The Reformation Today
By Rev. Dr. Matthew Richard
It was like a large rock thrown into a pond causing waves to crash ashore. No, it was much more violent. It was more like a massive explosion that occurred in the midst of buildings, resulting in shrapnel being scattered, walls tumbling down, and windows shattering. What am I talking about?
I am speaking about the sixteenth century Reformation. Yes, I am referring to the great Reformation explosion that happened in the 1500s when Martin Luther and the Reformers came into sharp conflict with the Roman Catholic Church of that time.
With all of that said, what good does this historic explosion do for us here and now?
Sure, we live in the aftermath of this enormous explosion and reap some of the benefits of much that was accomplished during the Reformation. However, the church and our nature have a way of cleaning up the rubble, patching the shattered walls, and fixing that which is broken to move away from the explosion, and returning to a man-centered message that encroaches and overthrows the very Gospel.
Frankly, my friends, the very message of the Gospel that exploded and detonated the church some five
-hundred years ago is an explosion that needs to happen in our midst, right here and right now. It needs to happen again.
Yes, the explosion needs to happen every year and every week in the church. You see, “The church must be in a state of continuous reformation… a continuous return to the Word of God. [The reason why?] Our old sinful nature continuously tempts us to leave the Word of God behind. If we do not continuously reform… if we do not continuously study God’s Word, then we will slowly, but surely drift away from the truth. We will drift away until we are no longer free.”1
Therefore, blessed Saints, we do not merely study the great explosion of the Reformation once a year or once every 500 years on Reformation Sunday, but as a church of the Lutheran Reformation we undergo this Reformation explosion and experience continual reformation every Sunday and every day. Why is this so; how is this possible? It is this way because at the heart of the Reformation was the Word of God – the Word that invaded an Augustinian Monk and the Word of God that invaded the church. Furthermore, this very Word of God is the ‘same’ Word of God that continually comes to you and me in the local church. Otherwise stated, the rock is thrown into our lives and the explosion is recaptured every time that we read the Word of God, hear the Word of God, and receive the Lord’s Sacraments.

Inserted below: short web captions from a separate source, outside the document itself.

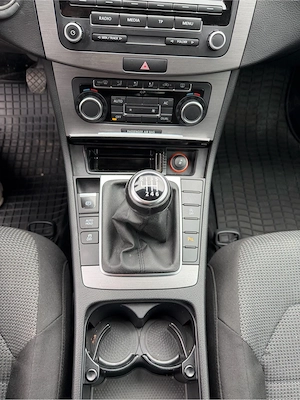 VW Passat   An 2012   TDI 105 cp   E5 - imagine 20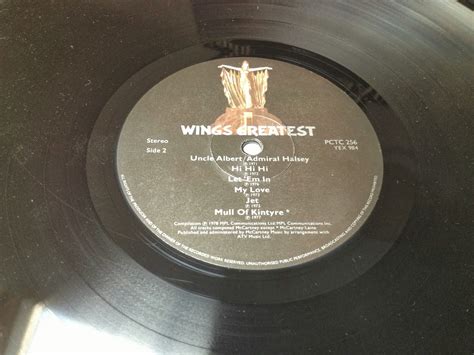 VINYL RECORDS: WINGS - GREATEST HITS LP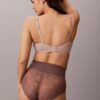 Slip sensuale in pizzo elasticizzato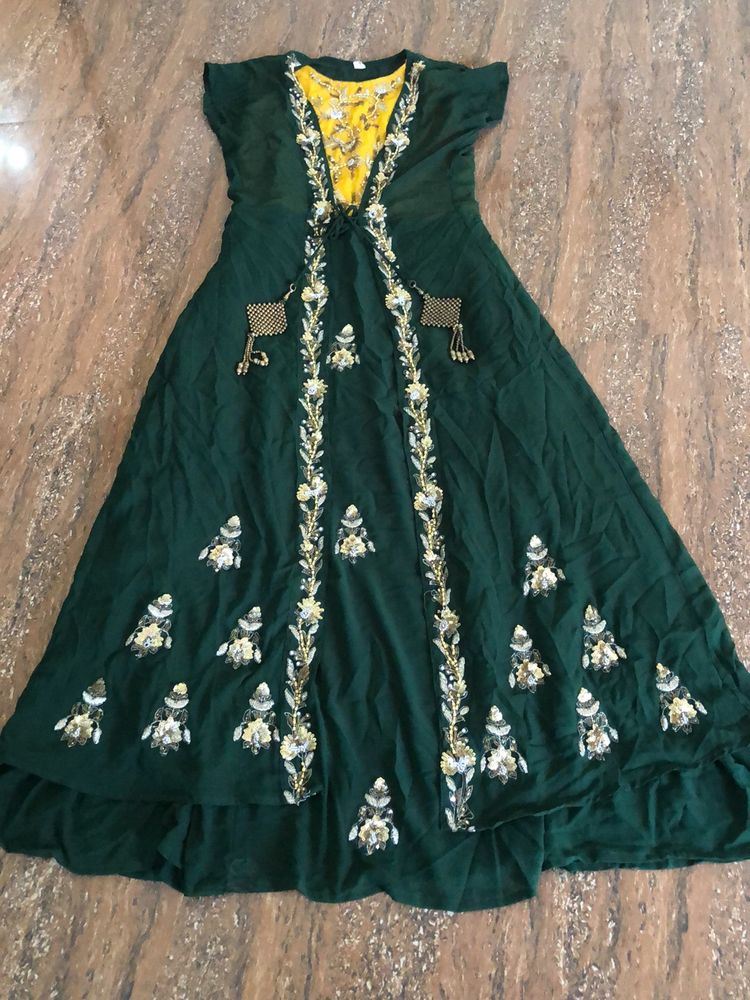 Yellow 💛 And Dark Green 💚 Color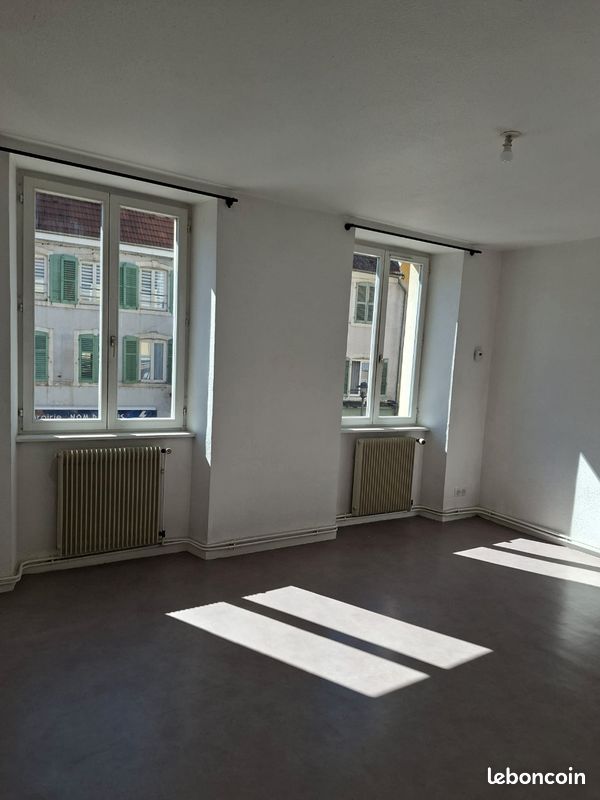 Appartement 4 pièces 90 m² · à Héricourt · 90 m² · 680 €/mois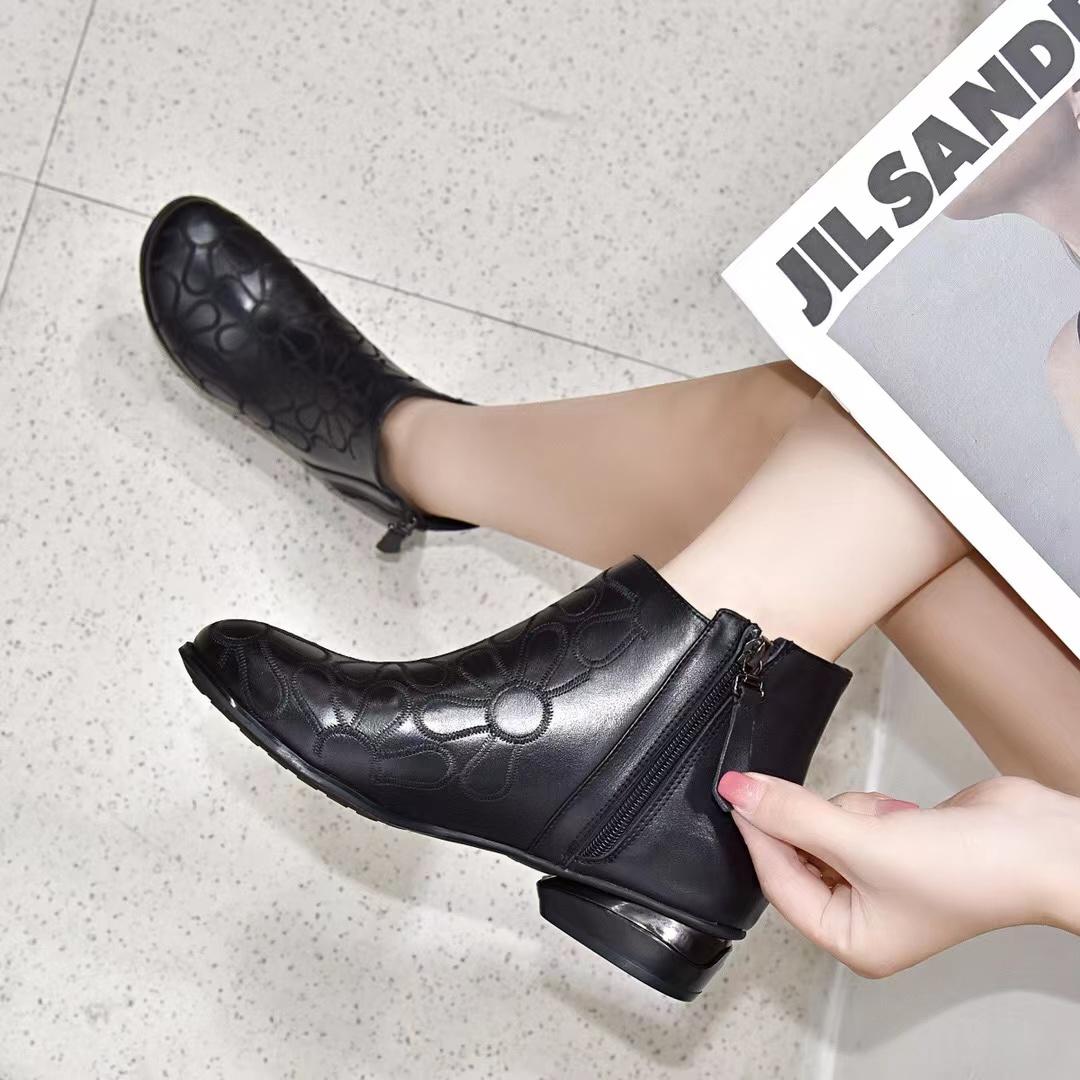 Embroidered soft-soled boots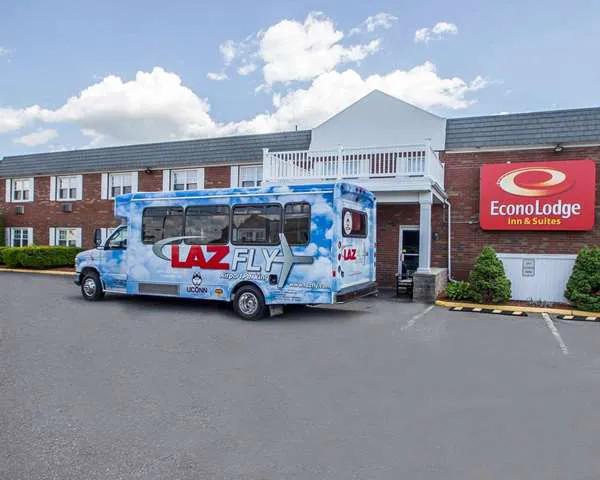 Econo Lodge Inn & Suites Airport 4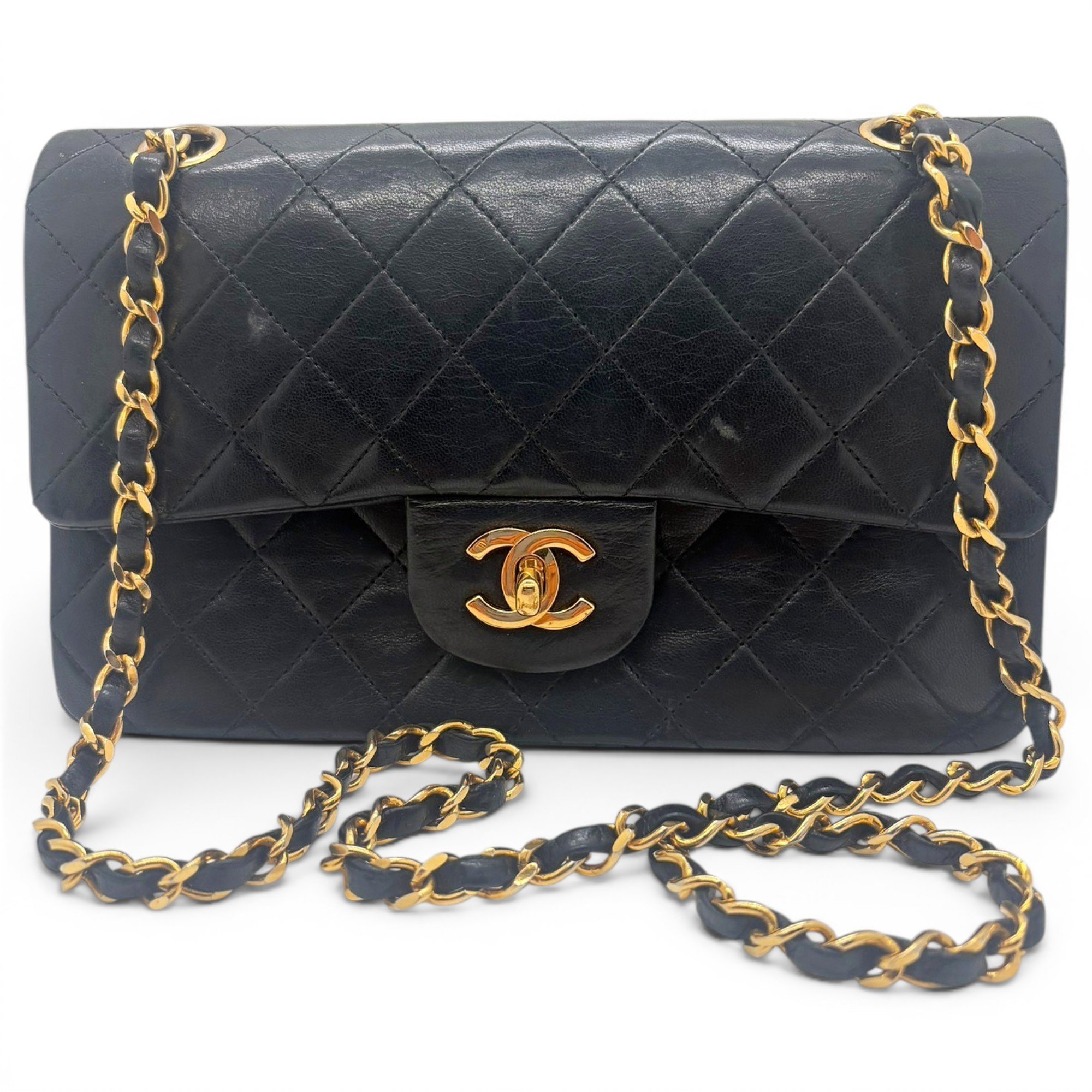 Timeless/Classique patent leather handbag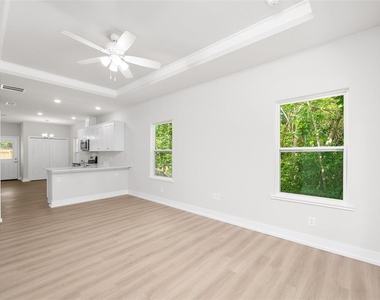 8572 Nw 39th Circle - Photo Thumbnail 2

So, do you see the rock tossed in the water? Do you feel the blast from the detonation? Jesus fulfilled the Law; sin was punished on Jesus; salvation was accomplished perfectly; you are baptized into Christ’s name; you are absolved by the Word of God; you are admitted to a heavenly feast. It is finished — for you.
This changes everything; nothing will ever be the same. Cur-plunk; splash. Bam; shatter. Christ Jesus has been crucified and resurrected for you. You are justified by grace through faith as a sheer gift. The Reformation lives on.